Works by Rembrandt Harmenszoon van Rijn at Sotheby's
Rembrandt Harmenszoon van Rijn Biography
Rembrandt Harmensz van Rijn is considered to be perhaps the greatest artist of the Dutch Golden Age, the period in 17th-century Holland that also produced such masters as Frans Hals and Johannes Vermeer. Rembrandt was born in Leiden, The Netherlands, on 15 July 1606, and by 1632 lived in Amsterdam, where he established himself as one of the most sought-after portraitists of the time. He was famous in his lifetime, developing a style of painting that owed a debt to the Italian Baroque artist Caravaggio, who had died in 1610.
Like Caravaggio, Rembrandt’s work combined highly realistic figures with dramatic lighting – his style was at times theatrical, and often psychologically penetrating. A prolific painter, Rembrandt created works in many genres – commissioned portraits, history paintings, religious scenes, and self-portraits that are among the most famous and influential in all of art history. Rembrandt was also a brilliant draftsman and etcher; indeed, his many etchings, widely distributed, were a key reason his fame travelled far from his native country. A profligate spender, Rembrandt fell into bankruptcy in 1656, and when he died 13 years later, was buried in an unmarked grave.

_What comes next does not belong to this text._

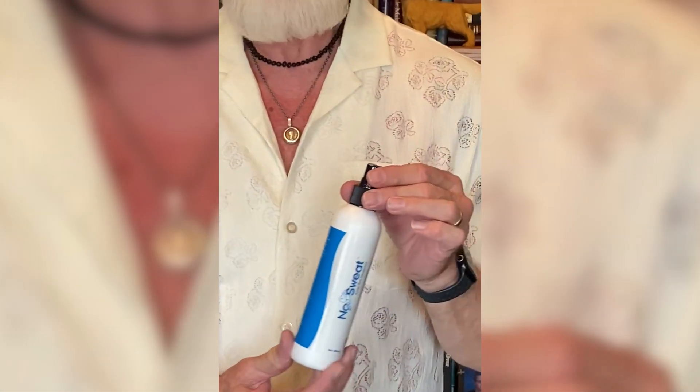Remember this No Sweat Scalp Antiperspirant — seriously, I hate to just keep going on and on about it, but this is the bomb. This is great, great stuff. I love it.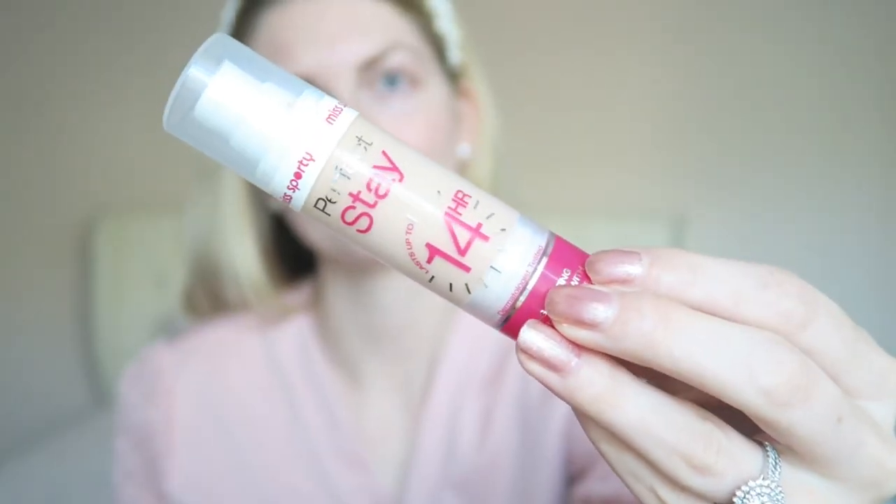Hi everyone and welcome back to my YouTube channel. In today's video I'll be showing you guys how I create this Valentine's makeup look, so please keep on watching if you'd like to see how I created this.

Although Rembrandt died penniless, his paintings have been highly prized for centuries and are at the center of many of the world’s greatest museum collections, including the Rijksmuseum, Amsterdam; the Musée du Louvre, Paris; and the Metropolitan Museum of Art, New York. Because they are mostly in museums, Rembrandt’s paintings rarely come to auction – just one was sold in 2017. For those lucky enough to acquire one, the market has been reliably positive. According to Sotheby’s Mei Moses, the average compound annual return for a Rembrandt at auction is 8.5%, on par with Contemporary Art over the past ten years as well as with the long-run rates on U.S. equities. 90% of works by Rembrandt bought at auction increase in value.